Ketahuilah saudaraku, sesungguhnya seorang mujahid sejati adalah orang yang menundukkan hawa nafsunya untuk melakukan ketaatan kepada Allah -termasuk di dalamnya adalah dengan memerangi orang kafir dengan cara yang benar-, bukan dengan melakukan perbuatan dosa dan pelanggaran. Rasulullah shallallahu ‘alaihi wa sallam bersabda, “Orang yang berjihad adalah orang yang berjuang menundukkan dirinya dalam ketaatan kepada Allah.” (HR. Ahmad, as-Shahihah [549] as-Syamilah). Maka jelaslah bahwa terorisme bukan jihad. Terorisme sama artinya dengan menimbulkan kekacauan dan kerusakan di muka bumi. Sementara Allah tidak menyukainya. Allah berfirman (yang artinya), “Janganlah kamu berbuat kerusakan di muka bumi, sesungguhnya Allah tidak menyukai orang-orang yang menebarkan kerusakan.” (QS. al-Qashash: 77)

Reaksi yang keliru
Sebagian orang yang telah termakan oleh pemberitaan media massa yang tidak tepat menganggap bahwa lelaki yang berjenggot dan bercelana di atas mata kaki atau perempuan yang mengenakan cadar adalah bagian dari jaringan teroris. Padahal, anggapan semacam itu adalah anggapan yang kekanak-kanakan.

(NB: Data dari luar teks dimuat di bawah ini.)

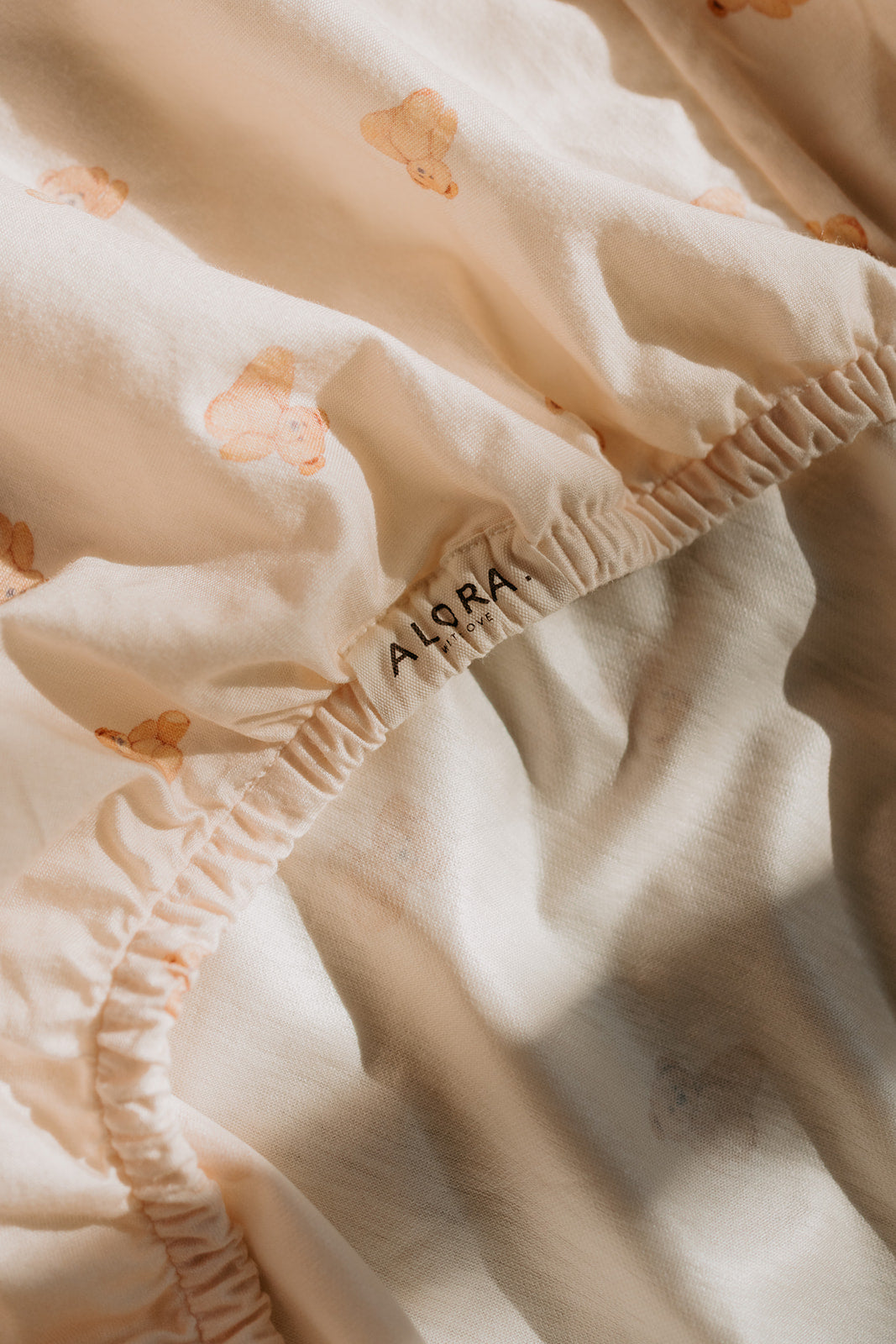 Close-up of the Tiny Teddy print on an Alora with Love waterproof fitted sheet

Semata-mata memiliki jenggot atau mengenakan cadar jelas tidak ada hubungannya dengan terorisme. Tidakkah kita ingat bahwa Nabi Muhammad shallallahu ‘alaihi wa sallam memerintahkan kaum lelaki untuk memelihara jenggot? Nabi pun menegaskan bahwa mengenakan pakaian yang melebihi mata kaki adalah terlarang, sebagaimana disebutkan dalam hadits riwayat Bukhari. Tidakkah kita juga ingat bahwa para isteri Nabi pun mengenakan cadar? Apakah dengan penampilan seperti itu kemudian kita mengatakan bahwa Nabi dan isteri-isterinya terlibat dalam jaringan teroris?! Tentu saja anggapan yang demikian itu tadi adalah sesuatu yang terlalu berlebihan, bahkan mengada-ada.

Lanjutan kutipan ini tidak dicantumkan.